# Should the home owner be worried?



## JBM (Mar 31, 2011)

when you see this on a residential home, there was no engineering or plans ill bet. More like OJT, some good, some bad.


----------



## Tscarborough (Feb 25, 2006)

When done as part of an engineered design, it is hardly ever an issue. When done as a remedy for a mistake or change in plans, it well could be. Not enough info to make the call. Personally, if I was having a house built and they either poured the slab wrong, or forgot the brick ledge, I would not accept it. Start over, and do it right or get an engineer to sign off on the remedy.


----------



## jar546 (Aug 13, 2013)

I did see this done once as an afterthought for a residential house where they spanned the 16' garage door with angle iron. The problem is that it was a load bearing wall and the LVL header was properly sized for the original application but not the brick.

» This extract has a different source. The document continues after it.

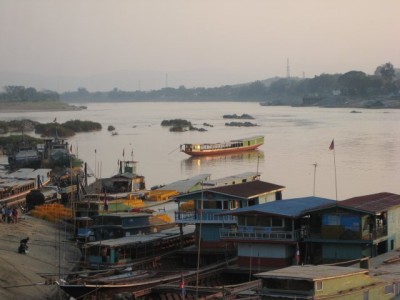 slow boats docking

The aluminum header trim is now kinked from the excessive deflection. Sometimes people just don't realize the implications of changing their minds.


----------



## TAHomeRepairs (Jun 18, 2012)

I'm not endorsing what I see, but just thought I would say, I saw in some building books this exact scenario while studying for my license exam. Again tapcons weren't used, something like 1/2 inch anchors every 8 inches or the like. I've only seen in practice, bricks sitting on footings, but the book made it seem common practice. Then again the original builder there may also be an author..


----------



## fjn (Aug 17, 2011)

Tscarborough said:


> When done as part of an engineered design, it is hardly ever an issue. When done as a remedy for a mistake or change in plans, it well could be. Not enough info to make the call. Personally, if I was having a house built and they either poured the slab wrong, or forgot the brick ledge, I would not accept it. Start over, and do it right or get an engineer to sign off on the remedy.

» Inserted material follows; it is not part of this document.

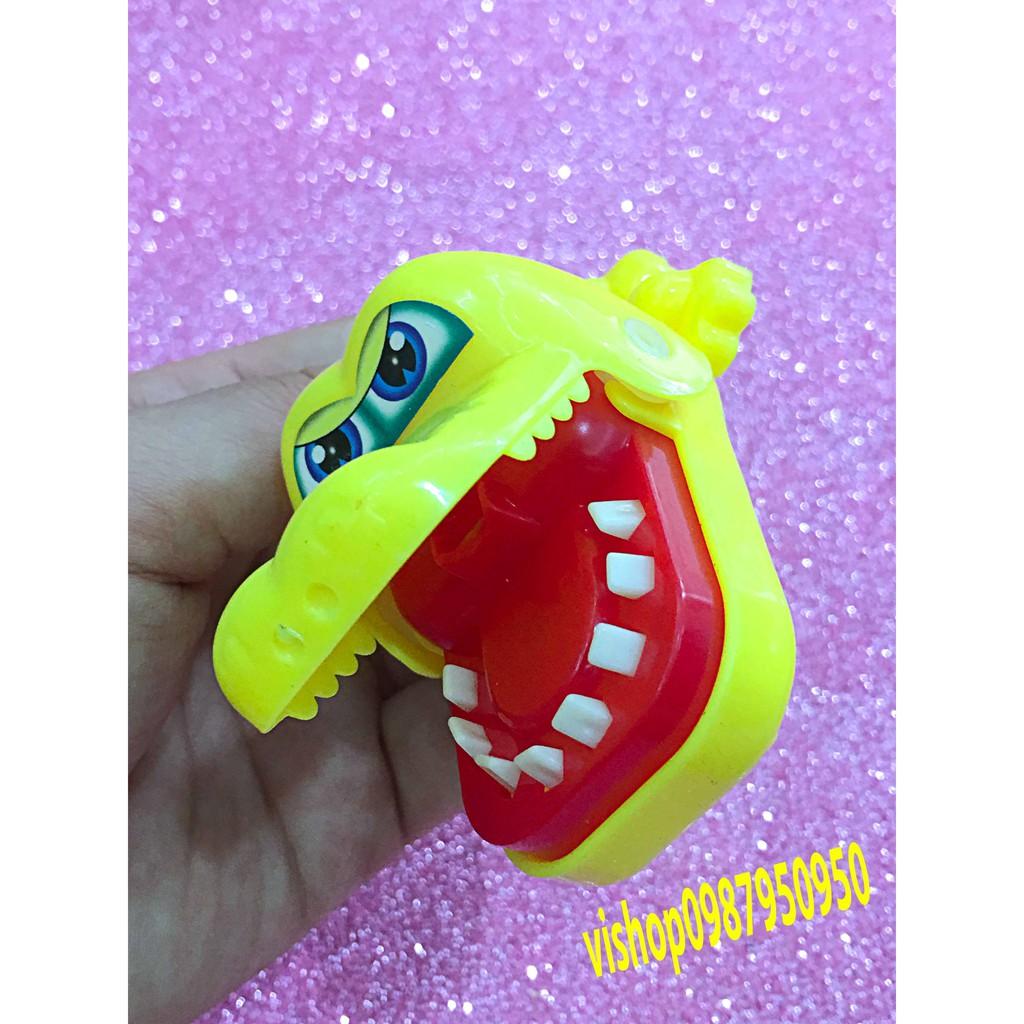 Combo 30 Móc khóa khám răng cá sấu các loại màu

I agree,I would not accept it even with the engineer sign off. What would be the scenario to follow,show the paperwork to a future buyer in the event of a resale and try to convince them it really is o.k. ?

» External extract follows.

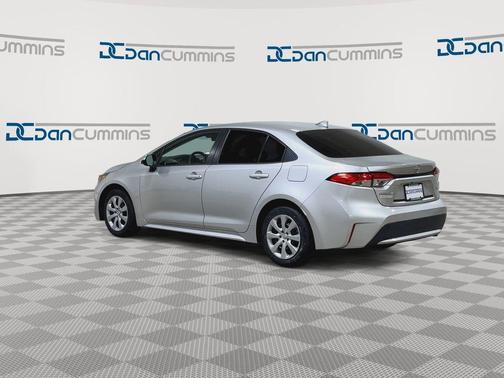 Classic Silver Metallic 2020 Toyota Corolla LE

Early '80,s had the contract to build a library,was not the GC on the job. Found out a brick ledge was missing on one wall. GC wants us to indiscriminately bolt an angle to the wall "without"telling anyone to hide their screw up. To throw salt on the wound,he wants me to provide angle and labor. You can guess what I told them. He said he would file a suit for specific performance if I refused to move forward and quickly. I said go ahead,he never did and I walked from the job,never did it.


----------



## fjn (Aug 17, 2011)

heavyc said:


> We do use similar applications, but the lintels are the only similarity. And we always used galvanized. They are called relieving angles generally used on 4 stories and higher. They are welded continuously to the pour stop. Some times every floor requires them but most don't start until second floor and every floor there after.




You are correct,the relieving angles are affixed to the spandrel beams. In every application I have seen they are accompanied by a soft joint to address the vertical expansion of the brick and the creeping of the concrete frame.Unlike in this application the angle is "hidden" by the soft joint and is not visible for the world to see.

In this subject house ,even if everything is up to snuff it still looks like the fifth wheel on a wagon and is detrimental to the aesthetics of the building.


Of the two viable alternatives to address this issue,use of angle and coming up from footing with 4"c.m.u. given the size/price of home IMHO this chosen method was a shot in the foot.


----------



## Sra_doran (Aug 22, 2013)

Some of you nailed it...the issue was brought up during a home sale.What methods could be done to fix this issue??? Footer poured? Would it line up correctly is my question.

thanks for the advise.


----------



## JBM (Mar 31, 2011)

I already mentioned how to fix it. Dig down and pour a footing anchored to the foundation and run up 4" block underneath it.


----------



## mudpad (Dec 26, 2008)

Tscarborough said:


> It is pretty common in commercial work, as long as it is flashed correctly it isn't going anywhere. The either formed the slab wrong or added brick after the fact.


I agree. Very common where there are low to high roof elevation changes. As long as it is engineered and installed and flashed correctly, not a problem. However, exposed a couple of inches above grade is not a good idea, probably the worst place it could be. Even if it were a foot below grade it would last longer than where that is. Moisture plus oxygen is what makes steel rust. 

And I agree, sloppy work. If the same guy that did the brick installed the steel, it probably is just barely hanging there. :sad:


----------



## dom-mas (Nov 26, 2011)

Right, what JBM said.


----------



## Sra_doran (Aug 22, 2013)

Could you even guess what a 50ft footer would cost? Plus 4" block work?


----------



## dom-mas (Nov 26, 2011)

Call someone locally. My costs and price are irrelevant


----------



## Sra_doran (Aug 22, 2013)

Guess that's true.


----------



## dom-mas (Nov 26, 2011)

For this reason there's a pretty strict pricing rule around here


----------



## JBM (Mar 31, 2011)

In Dallas, prolly treefiddy, up here a lot of treefiddys


----------



## ohiohomedoctor (Dec 26, 2010)

I'd do it for 450 three fiddys..


----------



## Rhett_ (Aug 6, 2013)

Its a pretty common thing around here. A footing is best but an angle iron with the right attachments works. When I do it I use a 4x4 angle painted with asphalt emulsion. 5/8 x 6 wedge anchors every 24" and wall ties. Its not the best way but its not going to fall off the house.


----------